Flood bares snarled insurance plan

Review of Isabel claims are first step in reform of federal program

April 07, 2004|By Andrew A. Green | Andrew A. Green,SUN STAFF

When Tropical Storm Isabel sent nearly 3 feet of water through Bob Valentin's bungalow at the mouth of the Bird River, he figured his insurance agency would send someone out to survey the damage and write him a check. Just as if he had been in a car crash.

But he was wrong.

Although he bought the insurance from a private company for his eastern Baltimore County home, it actually comes from the federal government. The adjuster who came to assess his claim worked for a subcontractor. The person who approved the claim worked for another company, and when he tried to appeal his settlement, he ended up talking to someone who works for yet another firm.

For all that, he says, he's still about $120,000 short of what it will cost to rebuild, and he and his wife and two children are still living in their garage.

"The paperwork just goes from this one to that one to that one," he said. "It's absolutely ridiculous."

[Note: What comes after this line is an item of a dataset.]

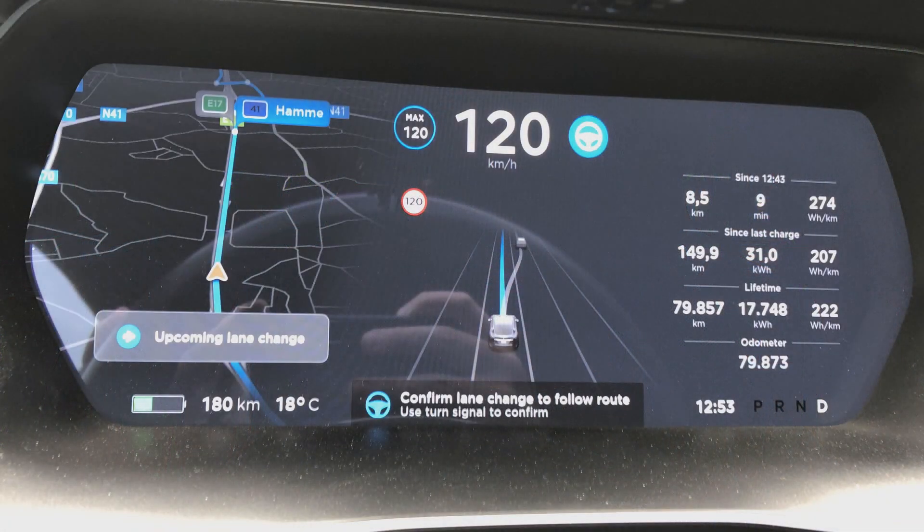If you look at the screen, you have two messages basically. The one on the left says 'upcoming lane change' and the middle one says 'confirm lane change to follow route.' This is what you see when you get a lane change suggestion.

What started out 36 years ago as a government program to provide insurance for flood-prone homes has evolved into a convoluted system of public agencies and private corporations seeking to administer policies that are like no other in the insurance industry.

Still struggling with their claims six months after Isabel, hundreds of policyholders like Valentin have yet to return to their homes. But instead of giving up, they have packed town hall meetings, complained to local, state and federal officials, and banded together to keep their cause in the public eye. Amid the continuing outcry, the federal insurance program plans to re-evaluate all 24,000 Isabel claims up and down the East Coast.

Nothing less than an overhaul of the system is under way.

"We just have to fix it," said Anthony S. Lowe, head of the National Flood Insurance Program.

Those involved in the Isabel saga offer theories why this storm has led to such an outcry and a move to reform. Some victims in North Carolina who have experienced floods before said the NFIP's response was much less effective this time. Others, particularly adjusters, say that the only difference was that Isabel hit communities near Washington in an election year.

The NFIP was born in 1968 after large-scale flooding of the Mississippi River. When private flood insurance carriers dropped out of the business, saying they were going broke, Congress stepped in.

The idea was that the federal government would offer the insurance in exchange for local governments' adopting strict regulations to mitigate the impact of flooding, such as requiring new buildings to be elevated above the flood plain.

Two changes in the 1980s contributed to the complexity that has been evident since Isabel. In 1983, the program authorized private insurance companies to sell and service the policies, on the theory that using the existing network of insurance agents and adjusters in private industry would help get more people to buy the policies.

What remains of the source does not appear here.